Honoring life, playing with death, following the long tradition.
Ni Una Más
Acrylic on canvas, 30x40in, 2001. From series Current Events.
La Muerte (death) is the most important character in the Mexican culture. Loved ones who have past away are missed throughout the year, but during November first and second people are visited and history is remembered. It is a treat to share two days with the past. So many explanations of life come from death and its relation to it. In order to better understand life, I paint about death as it fills different pieces of daily activities, beliefs, and dreams.
Death is understood according to the cultural knowledge of the time. Yet people hold a personal relationship with death that develops throughout life.

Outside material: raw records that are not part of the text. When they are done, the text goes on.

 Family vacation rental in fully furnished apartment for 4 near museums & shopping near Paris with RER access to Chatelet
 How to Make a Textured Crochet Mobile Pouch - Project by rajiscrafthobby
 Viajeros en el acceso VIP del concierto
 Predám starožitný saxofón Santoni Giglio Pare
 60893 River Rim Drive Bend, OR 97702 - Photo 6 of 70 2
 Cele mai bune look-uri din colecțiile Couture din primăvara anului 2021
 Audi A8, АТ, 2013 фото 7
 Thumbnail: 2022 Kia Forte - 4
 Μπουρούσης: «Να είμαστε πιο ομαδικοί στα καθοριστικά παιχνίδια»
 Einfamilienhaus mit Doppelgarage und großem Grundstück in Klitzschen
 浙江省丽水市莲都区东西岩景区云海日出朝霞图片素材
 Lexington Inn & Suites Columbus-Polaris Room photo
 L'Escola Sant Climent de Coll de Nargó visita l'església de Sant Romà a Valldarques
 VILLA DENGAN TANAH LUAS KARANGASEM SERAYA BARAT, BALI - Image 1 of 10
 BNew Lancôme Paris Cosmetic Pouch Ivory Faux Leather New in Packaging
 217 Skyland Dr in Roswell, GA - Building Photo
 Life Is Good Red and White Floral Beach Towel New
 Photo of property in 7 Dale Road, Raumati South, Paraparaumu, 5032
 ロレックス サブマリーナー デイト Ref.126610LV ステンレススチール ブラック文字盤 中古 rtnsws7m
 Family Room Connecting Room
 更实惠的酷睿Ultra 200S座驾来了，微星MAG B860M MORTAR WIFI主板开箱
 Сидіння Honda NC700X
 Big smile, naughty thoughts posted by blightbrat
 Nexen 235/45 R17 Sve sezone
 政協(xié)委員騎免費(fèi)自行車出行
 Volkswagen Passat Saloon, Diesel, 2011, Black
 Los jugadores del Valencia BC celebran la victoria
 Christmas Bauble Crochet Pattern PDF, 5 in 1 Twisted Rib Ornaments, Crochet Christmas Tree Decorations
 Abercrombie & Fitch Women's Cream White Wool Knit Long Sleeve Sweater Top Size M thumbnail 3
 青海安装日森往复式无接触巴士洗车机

Death is never the same, though it is always there with us, as if waiting to ask for an intimate dance. I explore the multi-phasetic personality of La Muerte as it dances through my life.
Mictlantecuhtli y yo
Acrylic on canvas, 11x14in, 1997.
Mictlantecuhtli is the god of death in the Aztec culture. This god is born with us and shares our life until the moment we become part of his. He is like a shadow, as half of who we are, as an extension of our senses. No use in fighting and ignoring the unknown in our selves. It is the fear of the deep self that limits the realization of that which is tangible: life.
(The texts were made for the Dia de los Muertos exhibition at Oak Hill School, Eugene (OR), in 1997).